American photographer

Barbara DuMetz (born 1947) is an American photographer and pioneer in the field of commercial photography. She began working in Los Angeles as a commercial photographer in the 1970s, when very few women had established and maintained successful careers in the field, especially African-American women.
Over the course of her career, "she made a major contribution to diversifying the landscape of images that defined pop culture in the United States."

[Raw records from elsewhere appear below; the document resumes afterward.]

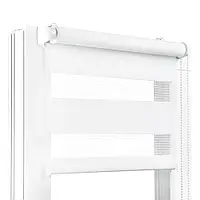 Ролеты на окна Рулонные шторы Жалюзи День-ночь ВН 1200 Белый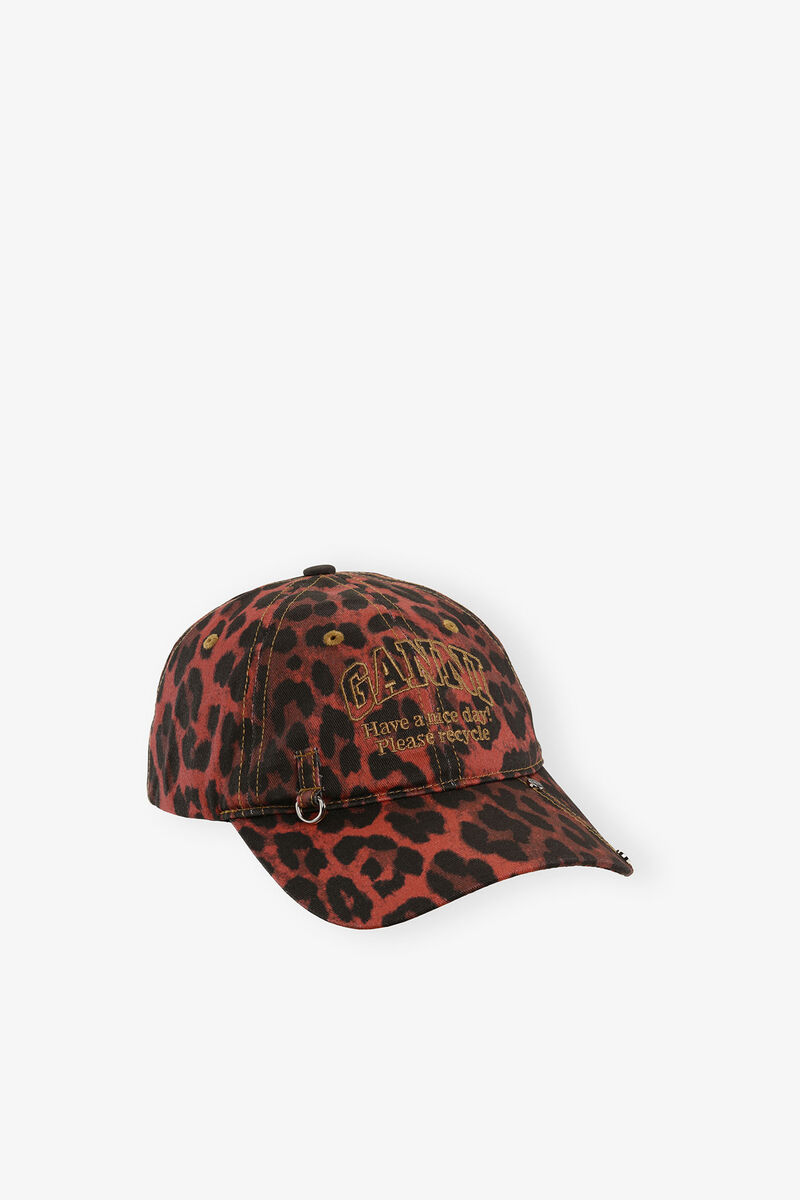Red Leopard Cap, Organic Cotton, in colour Racing Red - 1 - GANNI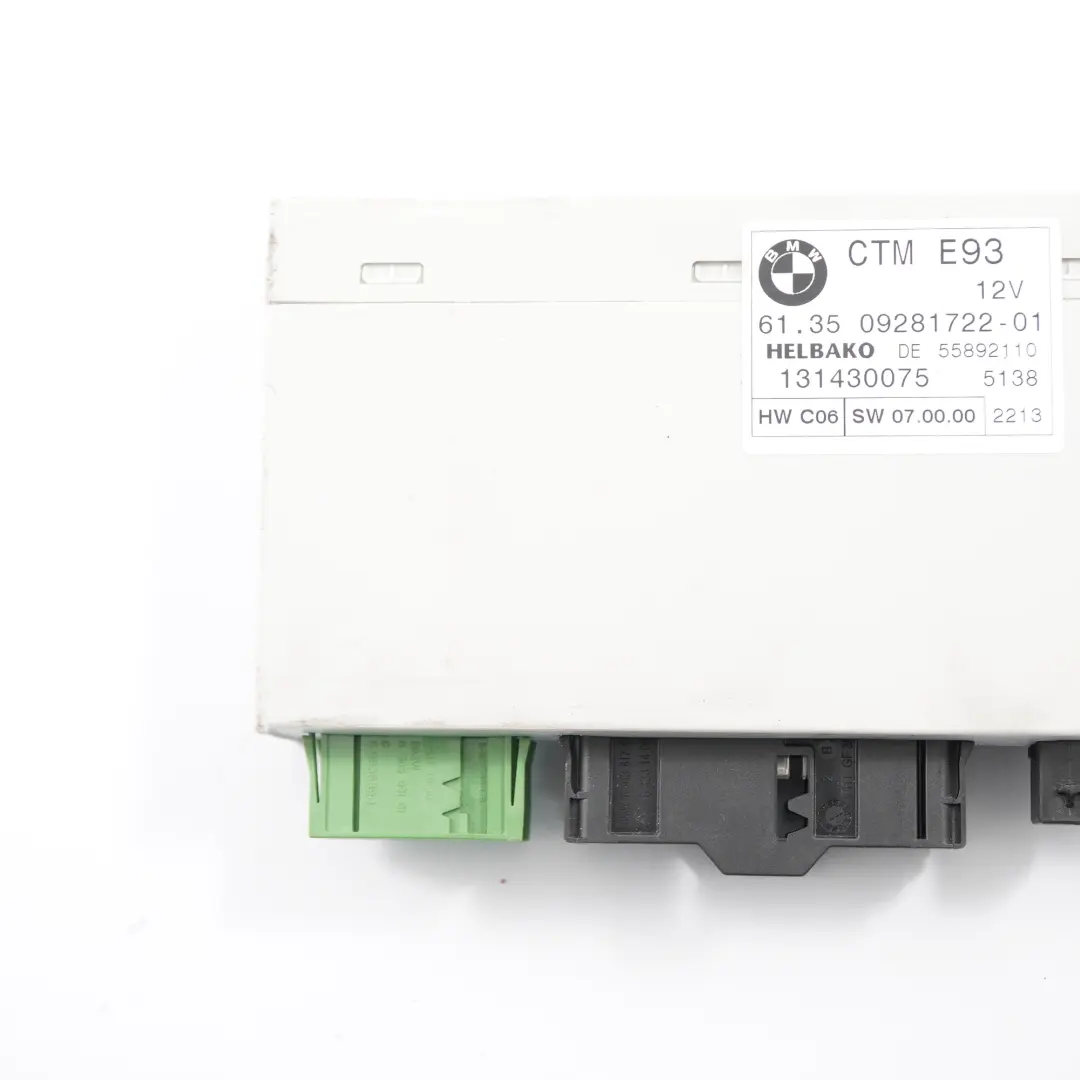 BMW E93 Cabrio Convertible Folding Top Roof ECU Module CTM - SKU 9281722 - Part number 9281722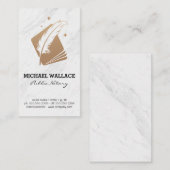 Feather Pen und Booklet | Marble Business Card Visitenkarte (Vorne/Hinten)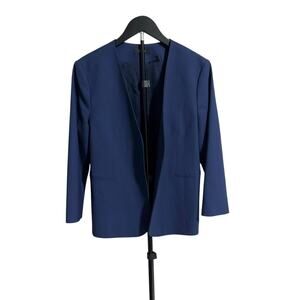 Theory Navy Blue Blazer - 3/4 Sleeve Open Front - Size 12 - Like New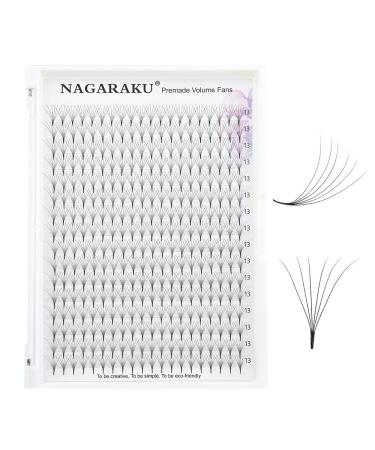 Nagaraku 320pcs Premade Volume Eyelash Extensions - Narrow Stem 6D 0.07mm D Curl 13mm | Artificial Eyelashes for Stunning Looks - Buy Online on GoSupps.com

DuMetz is known for her work with African-American celebrities, corporations and images of everyday life in African-American communities. She has won three CEBA awards and a LULU award for her commercial photography.
Group shows have included her work in Atlanta, Chicago, Los Angeles and New York City.
Retrospectives of her work have appeared at the Carl Van Vechten Gallery at Fisk University in 2014 and at Texas Southern University.

==Early life==
DuMetz was born in Charleston, West Virginia, the only girl and second of four children to Eustace T. DuMetz, II, DDS and Constance R. (née Brooks). Her grandfather, Eustace DuMetz, was a free-lance photographer who worked for the Pittsburgh Courier and Charleston Gazette.

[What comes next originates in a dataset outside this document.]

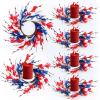 6 PCS Patriotic American Candle Rings Wreaths 4th of July Red White and Blue Floral Candle Rings Holder with Forsythia Flowers Mini Independence Day Wreath for Party Home Table Centerpiece Decor view 1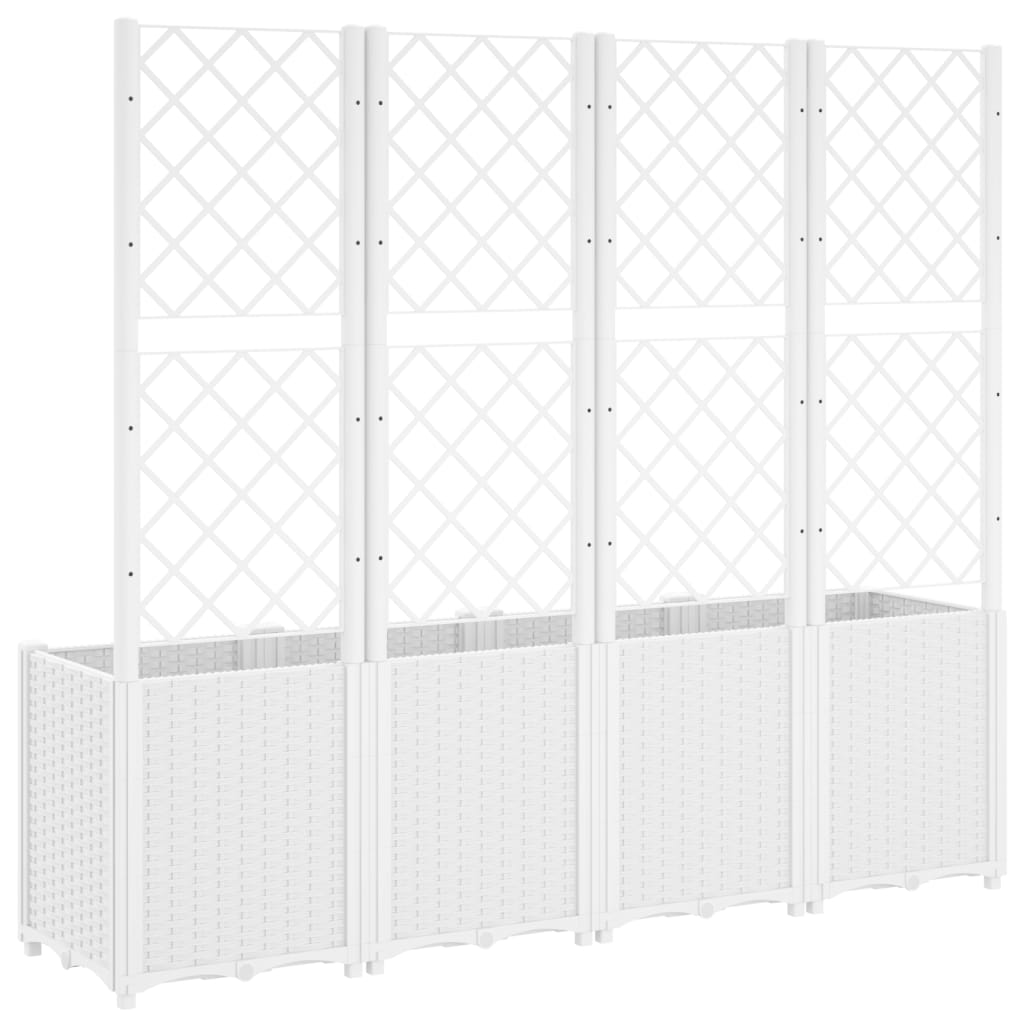 vidaXL Jardinieră de grădină cu spalier, alb, 160x40x140 cm PP vidaXL Jardinieră de grădină cu spalier, alb, 160x40x140 cm PP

When DuMetz was five years old, her family moved to Detroit where she attended school, graduating from Central High School. She attended Fisk University in Nashville, Tennessee, majoring in psychology. While attending Fisk university She became a member of Pi chapter of Alpha Kappa Alpha sorority. After graduating from Fisk University in 1969, she attended the Art Center College of Design, now located in Pasadena, California.

==Career==
DuMetz has been a professional photographer for more than four decades. Over the course of her career, she has produced award-winning images for advertising agencies
including Burrell Advertising, J. P. Martin Associates and InterNorth Corporation.
Her photographs have appeared in African-American publications including Black Enterprise,
Ebony,
Essence,
Jet and The Crisis.
She has taken commercial photographs for corporations including The Coca-Cola Company, Delta Air Lines and McDonald's Corporation.

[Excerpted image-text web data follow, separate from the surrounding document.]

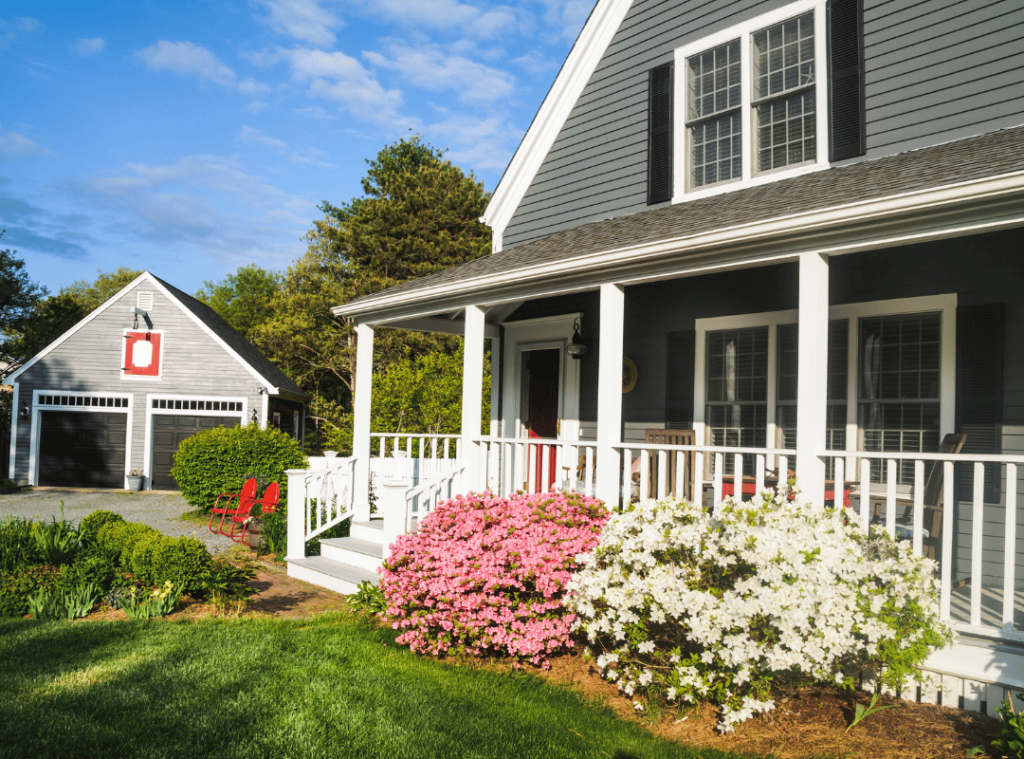 Massachusetts suburban house with flowers out front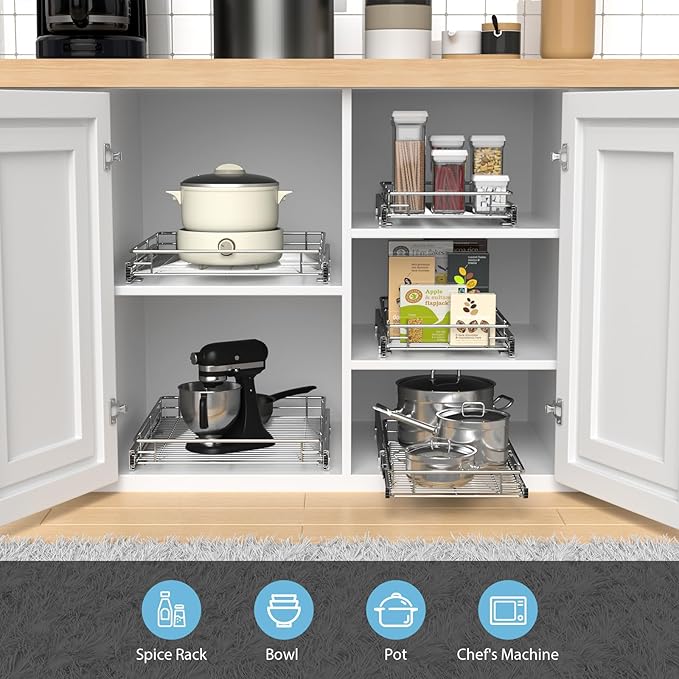 Pull Out Cabinet Organizer, 17.8" W x 21" D
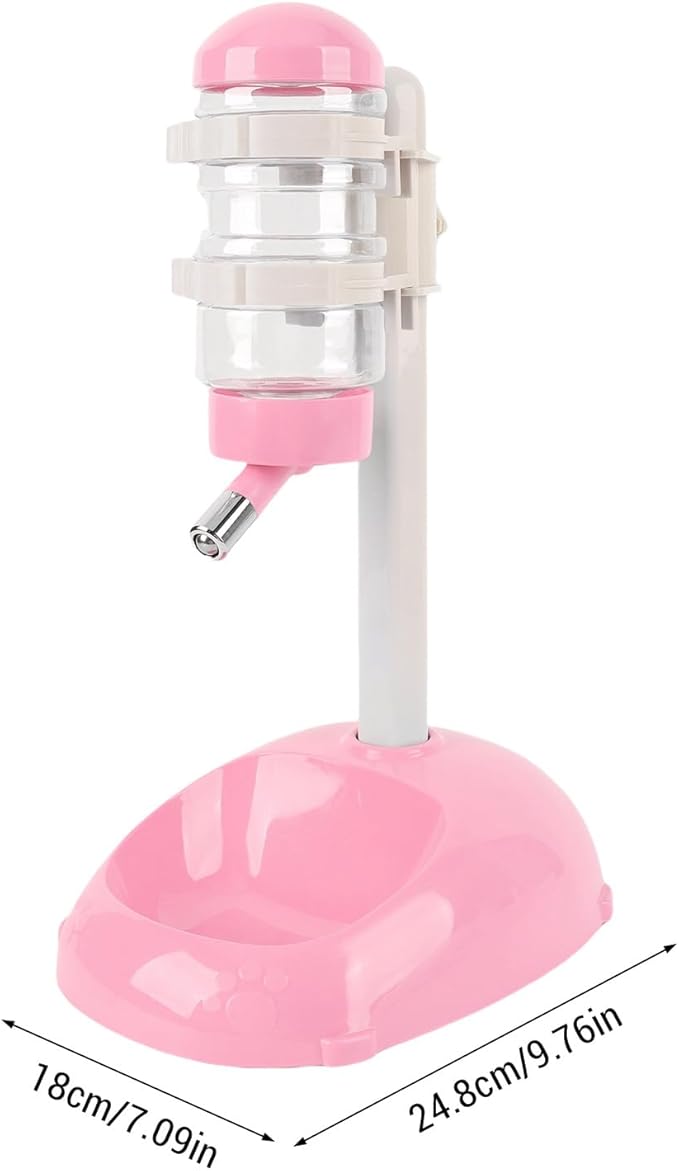 Pet Standing Water Dispenser, Adjustable Height Dog Water Bottle, with Food Feeder Bowl for Small Dogs Cats (Pink)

DuMetz ran and maintained three different photography studios located in the Los Angeles area where she was contracted by department stores, record companies, graphic design studios, advertising agencies, public relations firms, film production companies, actors and business professionals.
DuMetz's has shot photo layouts of celebrities and artists and personalities including
Maya Angelou,
Ernie Barnes,
Bernie Casey,
Pam Grier,
Kareem Abdul-Jabbar,
Quincy Jones,
Samella Lewis,
Ed McMahan,
Thelonious Monk,
Lou Rawls,
Della Reese,
Richard Roundtree,
Betye Saar,
Charles Wilbert White, and
Nancy Wilson.
Her show The Creators: Photographic Images of Literary, Music and Visual Artists, at the Southwest Arts Center in Atlanta, Georgia, in 2015, included images of over two dozen African-American artists whom she has photographed.

DuMetz's work was included in the 2025 exhibition Photography and the Black Arts Movement, 1955–1985 at the National Gallery of Art.